We must as adults take time to be silent and alone: no music, no TV, no external distractions so that we can hear our hearts speak to us. And we must raise our children with regular times of being alone so that they can grow up to hear their hearts, which is the space in which God often speaks. Constant noise is being used successfully by the Enemy of our souls to keep us from being able to hear God and that subtle strategy is working very well, especially with our children.

A way to begin practicing this with your children: when they come home from school, after they have talked with you, had a snack, decompressed a bit, insist on a half hour of alone time either in their room or outside. No IPods, no conversation, just alone time to process their day, their dreams, their lives. It could also happen after dinner, depending on your family’s schedule.

Or when in the car, insist that some of the time, especially on longer trips, be quiet time: no music, no reading, no conversation. Let everyone have a bit of non-distracted quiet space. At first, it may be very hard for both the children and the adults to encounter this. (A good way to discern if you are addicted to noise is to ride silently in a car for 30 minutes and see what your response is!)

We must be intentional about this in our lives and in giving this gift of alone time in silence to our children as often as possible. It gives us a chance to hear God speaking to and through our hearts deepest places. Our very lives and souls could be at stake.

Something that has puzzled me for a long time is the passage in Matthew 13 where Jesus quotes from Isaiah 6: “You will indeed listen, but never understand, and you will indeed look, but never perceive. For this people’s heart has grown dull, and their ears are hard of hearing, and they have shut their eyes; so that they might not look with their eyes, and listen with their ears, and understand with their heart and turn–and I would heal them.”  How can I look and not see? 

The answer came to me in one of those Holy Spirit-sent blinding flashes when I was reading the June 2007 Oprah Magazine on page 202. Oprah was sharing about the spa vacation she, her friend Gayle King, and 60 women took at the Miravel Spa. One of the classes was on meditation, taught by Jon Kabat-Zinn. In his talk, he gave people encouragement on being mindful and aware by putting a new spin on the old post card cliche: Having a great time. Wish I were here!  He then went on to discuss how we are so often not present in the moment and gave the example of being physically in the shower but mentally in your first appointment for the day.
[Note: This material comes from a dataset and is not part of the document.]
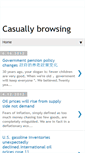 Mobile Screenshot of casuallybrowsing.blogspot.com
And that is when it hit me: the passage Jesus quotes above tells of a time when people will be so busy that in constantly multi-tasking and thinking through the next task they have to do, they will miss being where they currently are. They will miss the flowers on the hike, they will miss hearing their children or friends’ real message behind the words, they will miss their vacation because they are so busy video-taping it. Jon Kabat-Zinn talkes about “throw[ing] out the word meditating” and using the word awarenessing.

When I think about Christian meditation, how we are called not to empty our mind but to fill it completely with God, God’s word and presence, I think the word ”awarenessing” is a very accurate description. Because as Christians, we are to go from our times of intense focus on God (i.e. meditating) into the real world and we are to become more aware of God and God’s working in the world from those times of intense focus on and listening to God’s voice. We are to be more fully present in each moment, seeking to be God’s agent for good in that moment, fully present and not three meetings down the road of where we are right now.

Sometimes I wonder why I have not been healed in certain areas of my life. Maybe it is because God can’t heal me because I am not present to enough to hear his voice of healing (as implied by the passage above). Maybe I am always doing one task but thinking about another such that I can’t access the good God wants to give me right now in this moment in this task. Maybe, as a Christian, if I can learn “awarenessing,” I will be a better witness to the Kingdom of God than if I am always running around “doing the Lord’s business” and working myself into exhaustion. Maybe by being really present to nature on my walk this morning, I can be a healing voice to someone else today.